Let’s dive in and see why you might want to start a business that doesn’t require all the time and effort of a regular business and what it’ll take to get it going.

Then we’ll go into some ideas of self-running businesses you can use to start your own small business!

Why choose a business that runs itself?

The main benefit of a business that runs itself is passive income.

The definition of passive income is money you make while not actively trying to make it. For example, if you stick $500 in a savings account and it earns $10 in interest over the year, you’ve made $10 in passive income.

Having a passive income stream is a great way to make a little extra money—or a lot!

Additionally, passive income can help you build wealth.
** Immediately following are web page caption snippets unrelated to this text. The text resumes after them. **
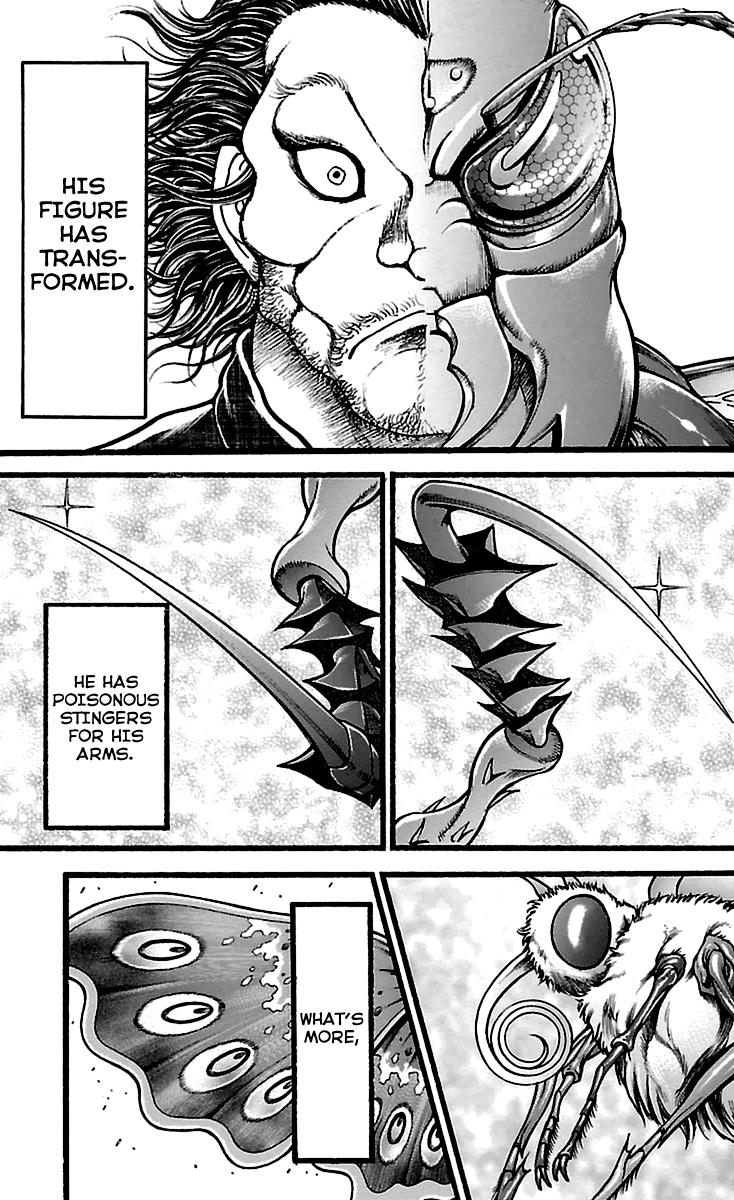 Baki-Dou Chapter 122 - Page 16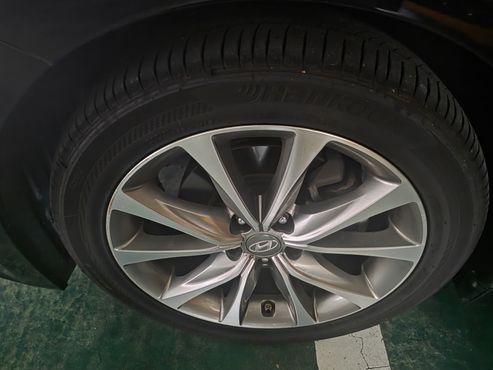 Hyundai Grandeur LPG HG300 Exclusive — пробег 127 000 км — фото 5 из 5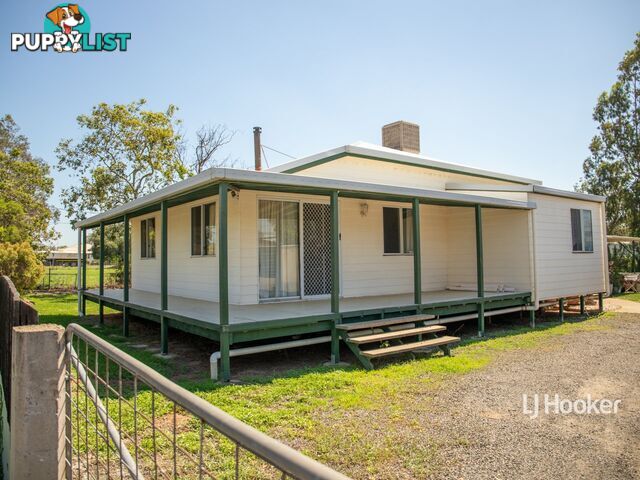 33 High Street WALLUMBILLA QLD 4428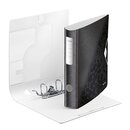 Leitz 1106 Ordner Active WOW A4 - 60 mm, schwarz metallic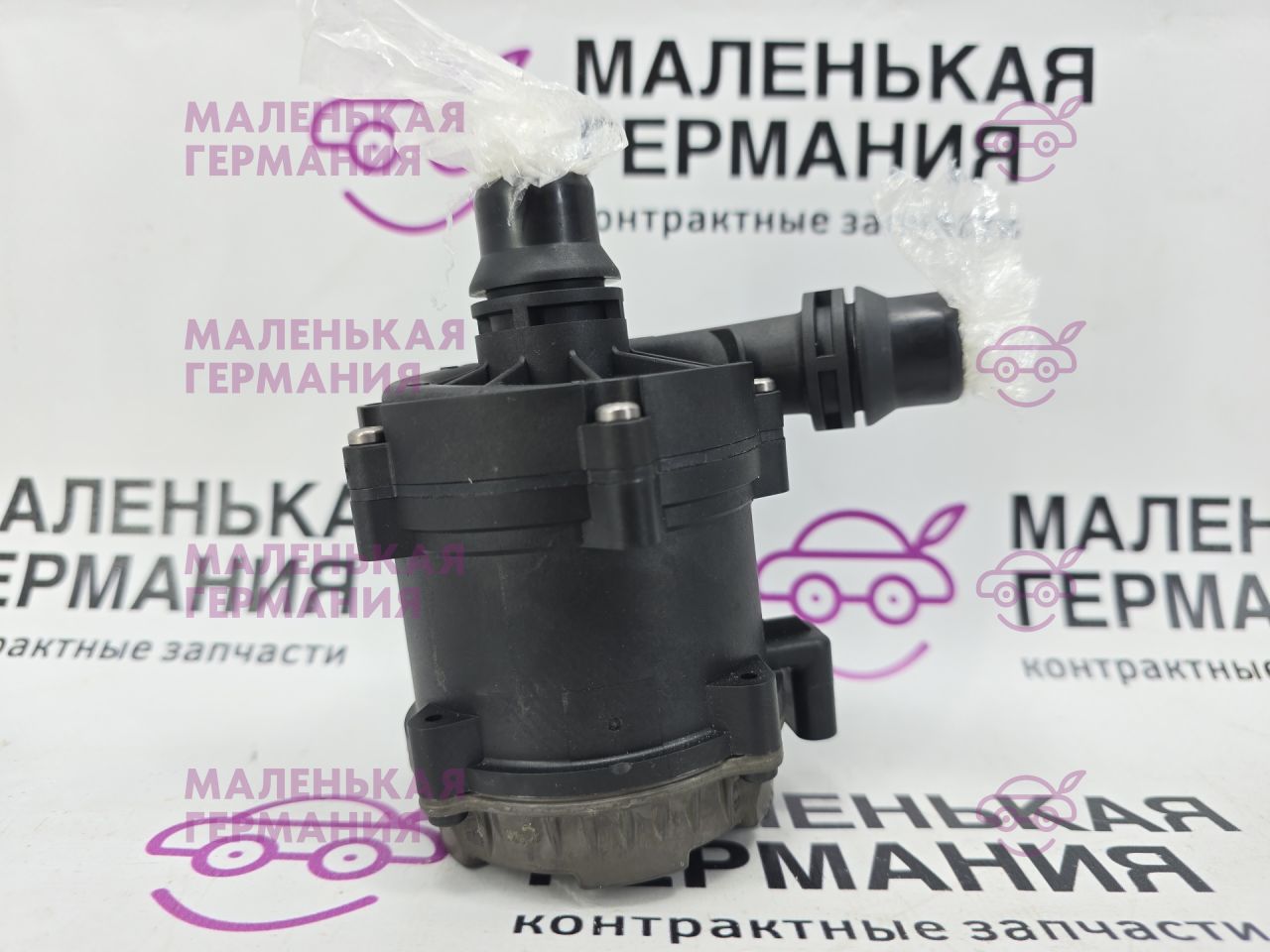 насос антифриза дополнительный BMW 5 серия G30/G31 G30 2019, 4.4 л., N63 B44 C, бензин, АКПП, carbonschwarz metallic (416), седан, полный привод, 11518482744, 8482744 - фото №1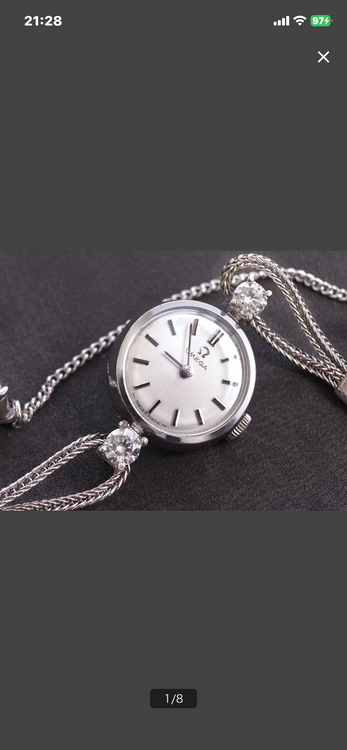 オメガ その他 511.15（高級時計）の商品画像 - 査定依頼日：2025年12月14日 - 最高査定価格：580,000円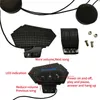 Motorcycle Bluetooth Helmet Headset 41 Automatically Answer The Phone Stereo Music Beautiful Appearance114851910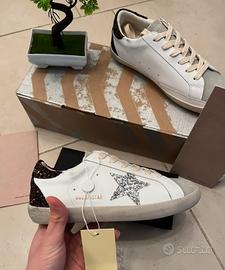 Scarpe Golden Goose Super-Star 38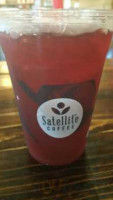 Satellite Coffee food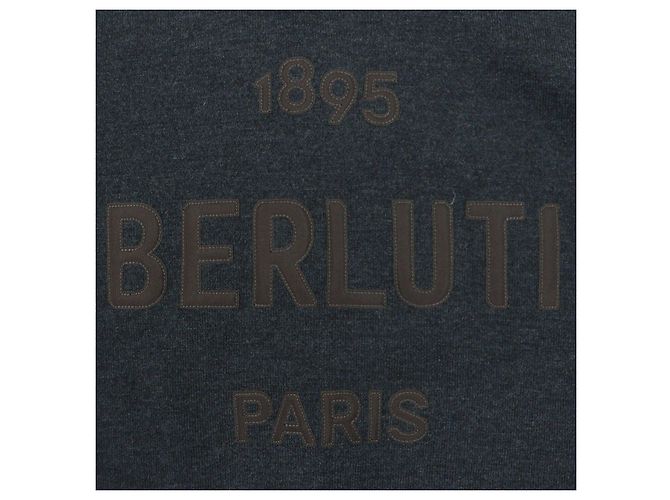 Berluti Hoodie aus Wolle - Ansicht 4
This could help you pay off debt, save more money, or also pay for the things you want, like a luxury vacation.

By setting up a well-maintained income stream, you also build generational wealth for your children and other descendants. Ultimately, this could help them maintain a certain lifestyle while pursuing their passions or starting out on their own.

However, passive income streams often require some form of initial effort. Many types of passive income also need ongoing maintenance, including many businesses that run themselves.

Laying the groundwork for businesses that run themselves

Before you can have this sort of business, you have to lay the foundation. Pretty much every self-sustaining business doesn’t start out that way.

If you’re serious about starting and operating a business, consider how much time, money, and effort you’re willing to put into it. There are two main ways a self-sustaining business still needs your help:

Getting started: Startup costs and sweat equity
Ongoing maintenance

Startup costs and sweat equity

One of the main reasons people don’t start their own business is the time and money it takes. While some businesses are less expensive and labor-intensive to start, others take a lot of work to even get off the ground.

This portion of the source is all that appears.